_Data in this exercise_

***

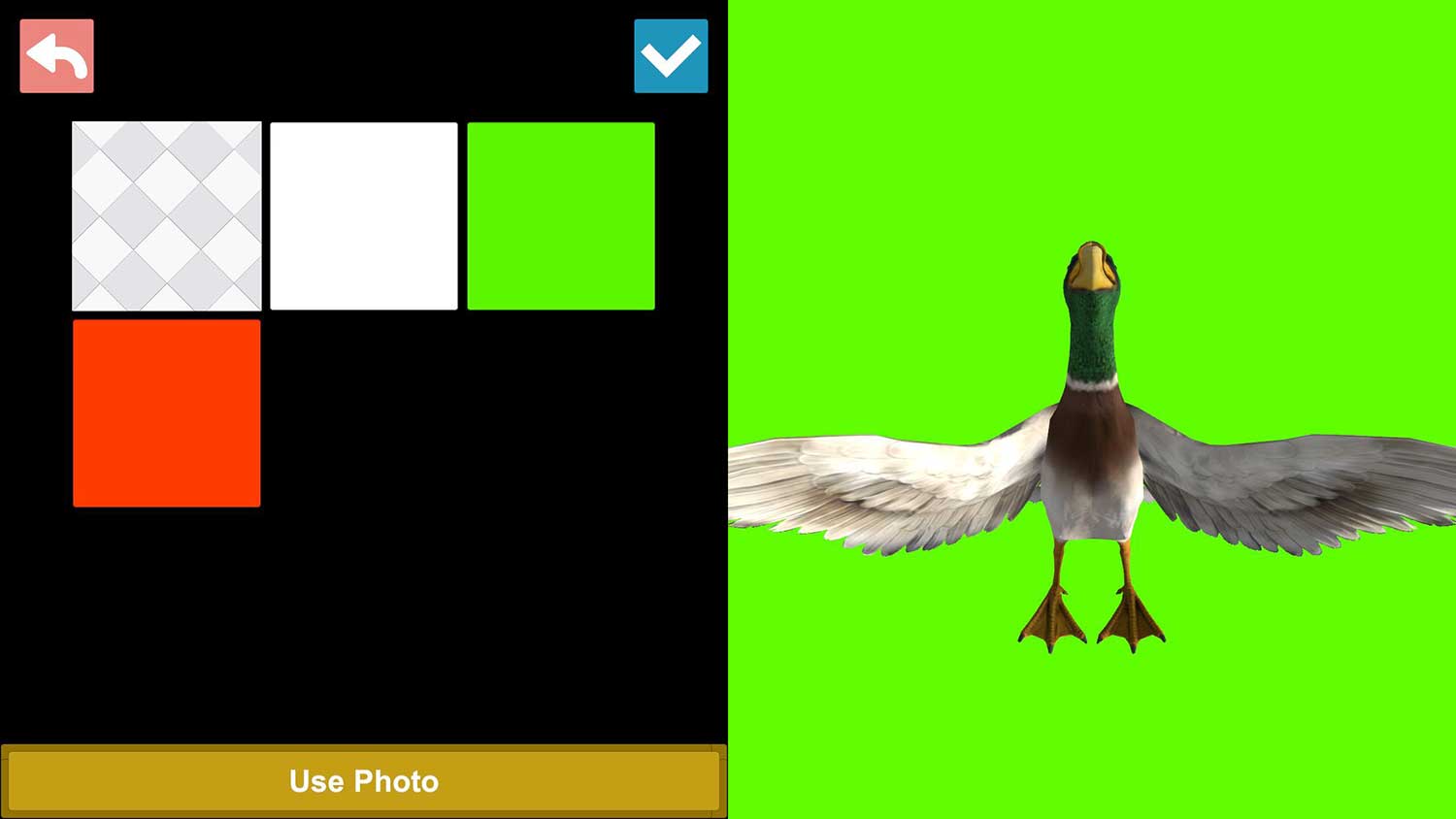 鳥3D資料のスクリーンショット_5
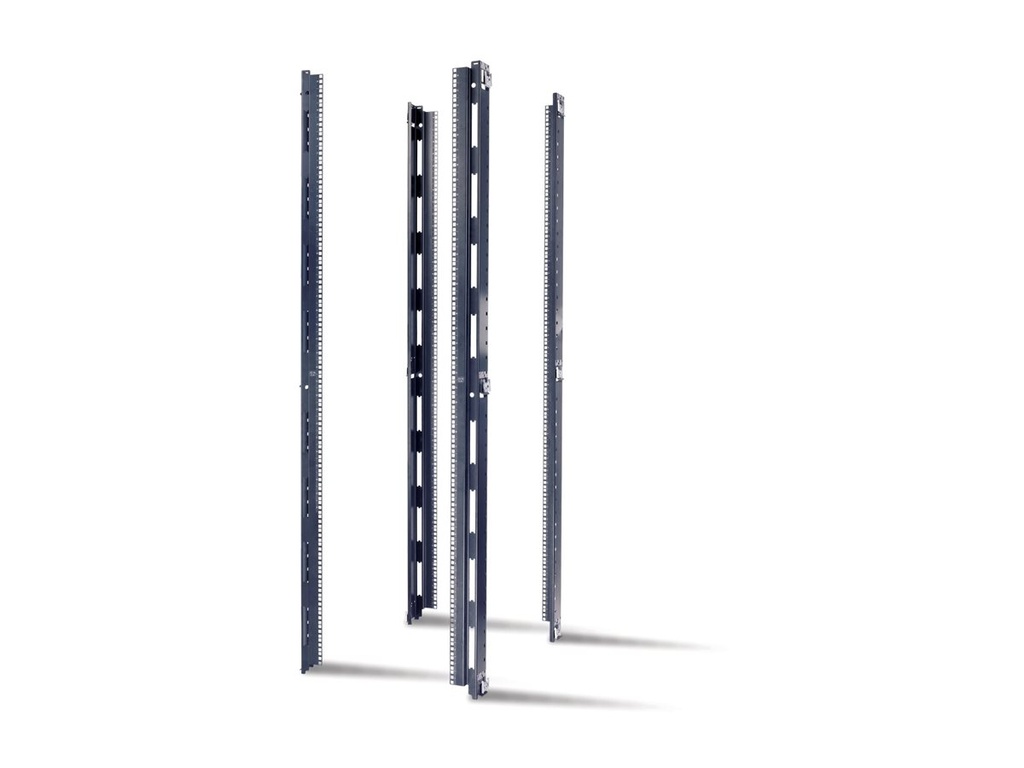 APC Rack-Schiene - Schwarz - 42HE - 58.4 cm (23")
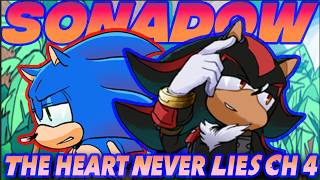 Sonadow: The Heart Never Lies Chapter 4 🤥💙 (Comic Dub)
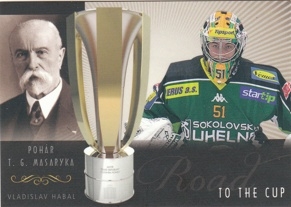 HABAL Vladislav OFS Masked Stories 2014 Road to the Cup č. 19 Rainbow /12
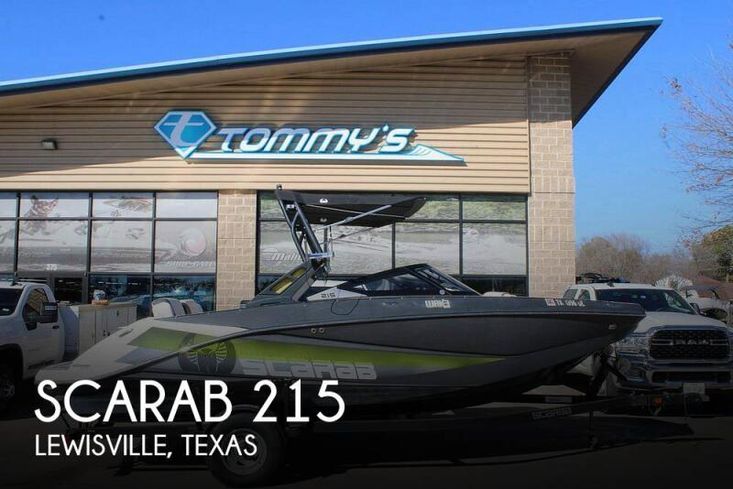 2016 Scarab 215 ho impulse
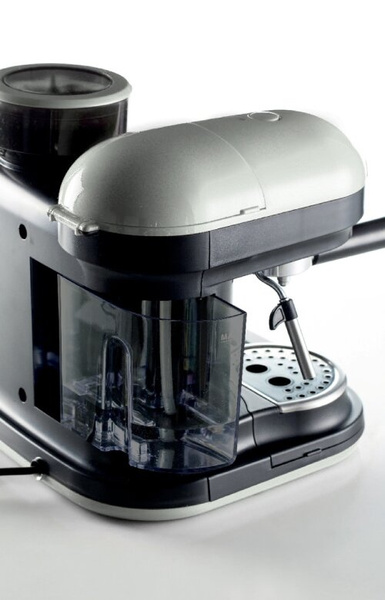 Ekspresdo kawy Ariete Espresso Moderna 1318/01 - Srebrny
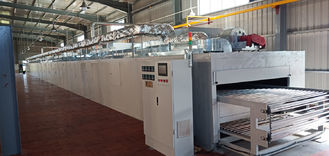 Schwere 28m-Trocknungsleitung mit Erdgas 24kw für Zellstoffverformung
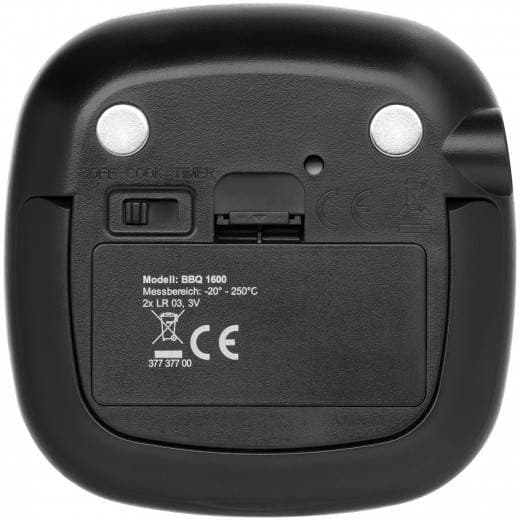 WMF 06.0819.6030 madtermometer -20 - 250 °C digitalt (608196030)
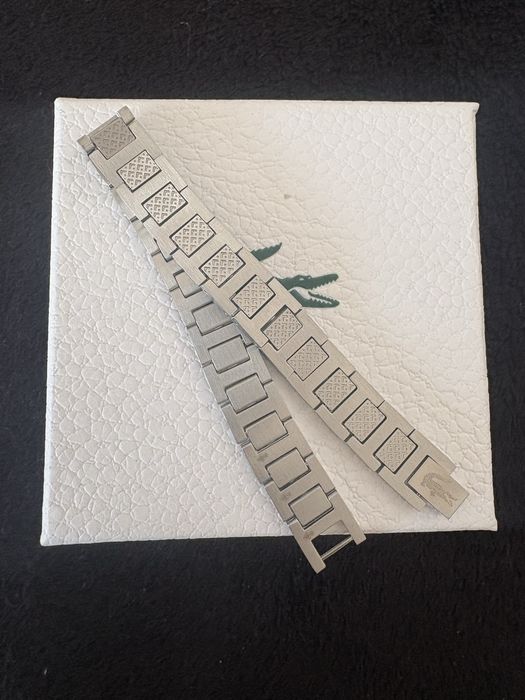 Bransoletka męska lacoste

***

_Aim of the task_
Return exactly the lines of the data, beginning with the first and ending with the line containing "WMF 06.0819.6030 madtermometer". Skip the pictures.

_Exercise answer_
 鳥3D資料のスクリーンショット_5
 APC Rack-Schiene - Schwarz - 42HE - 58.4 cm (23")
 Sonadow: The Heart Never Lies Chapter 4 🤥💙 (Comic Dub)
 HABAL Vladislav OFS Masked Stories 2014 Road to the Cup č. 19 Rainbow /12
 2016 Scarab 215 ho impulse
 Ekspresdo kawy Ariete Espresso Moderna 1318/01 - Srebrny
 Schwere 28m-Trocknungsleitung mit Erdgas 24kw für Zellstoffverformung
 WMF 06.0819.6030 madtermometer -20 - 250 °C digitalt (608196030)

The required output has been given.